Le docteur Luigi Romanelli examina Padre Pio pendant 2 jours et produisit l'attestation suivante :
"J'ai la conviction, voire la certitude, que les blessures ne sont pas superficielles, parce qu'en appliquant le pouce sur la paume de la main et l'index sur le dos, et en exerçant une pression, on a la sensation précise d'un vide.
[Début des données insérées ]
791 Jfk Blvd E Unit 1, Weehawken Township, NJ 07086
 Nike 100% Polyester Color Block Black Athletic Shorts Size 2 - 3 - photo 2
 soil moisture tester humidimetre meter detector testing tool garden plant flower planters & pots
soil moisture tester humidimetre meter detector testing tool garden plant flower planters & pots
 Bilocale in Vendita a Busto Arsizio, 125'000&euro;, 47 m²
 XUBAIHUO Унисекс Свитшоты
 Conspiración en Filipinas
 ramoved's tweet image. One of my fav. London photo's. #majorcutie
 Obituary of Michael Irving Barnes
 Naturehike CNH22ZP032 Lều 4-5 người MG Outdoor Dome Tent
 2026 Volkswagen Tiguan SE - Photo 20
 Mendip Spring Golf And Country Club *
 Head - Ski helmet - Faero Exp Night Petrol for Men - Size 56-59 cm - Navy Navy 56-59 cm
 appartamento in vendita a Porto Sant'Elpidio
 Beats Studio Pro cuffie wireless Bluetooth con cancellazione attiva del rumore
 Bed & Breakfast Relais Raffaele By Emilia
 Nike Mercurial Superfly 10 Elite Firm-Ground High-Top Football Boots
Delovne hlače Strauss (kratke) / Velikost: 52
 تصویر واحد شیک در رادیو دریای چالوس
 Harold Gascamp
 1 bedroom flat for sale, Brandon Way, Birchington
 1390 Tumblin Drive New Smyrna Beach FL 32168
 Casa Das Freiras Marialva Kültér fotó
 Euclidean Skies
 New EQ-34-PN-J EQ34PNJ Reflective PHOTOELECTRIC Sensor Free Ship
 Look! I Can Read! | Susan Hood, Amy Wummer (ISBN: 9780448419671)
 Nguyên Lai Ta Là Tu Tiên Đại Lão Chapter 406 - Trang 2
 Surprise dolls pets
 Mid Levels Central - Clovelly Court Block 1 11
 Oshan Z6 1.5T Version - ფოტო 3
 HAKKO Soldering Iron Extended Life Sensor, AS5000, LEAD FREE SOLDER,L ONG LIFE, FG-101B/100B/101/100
À la poitrine, j'ai observé une coupure nette, parallèle aux côtes, de 7 ou 8 cm de long avec résection dans les parties molles".
En avril 1920, le Père Agostino Gemelli, médecin et psychologue, se rendit à San Giovanni Rotondo.
Il arriva au couvent le 18 avril 1920 pour examiner les plaies de Padre Pio, mais entre-temps le Saint-Siège, par l'entremise de la congrégation qu'on appelait le Saint-Office, avait décidé que personne ne pouvait examiner les blessures sans autorisation écrite.
Le Père Gemelli insista pour qu'on lui montre les plaies mais Padre Pio, obéissant à l'ordre du Vatican, lui répondit fermement qu'il n'était pas autorisé à le faire.
Quelques années plus tard, dans un article de la revue "Vita e Pensiero", le Père Gemelli jugeait tous les stigmatisés (sauf saint François d'Assise) comme de "possibles hystériques, dotés d'une spiritualité très pauvre".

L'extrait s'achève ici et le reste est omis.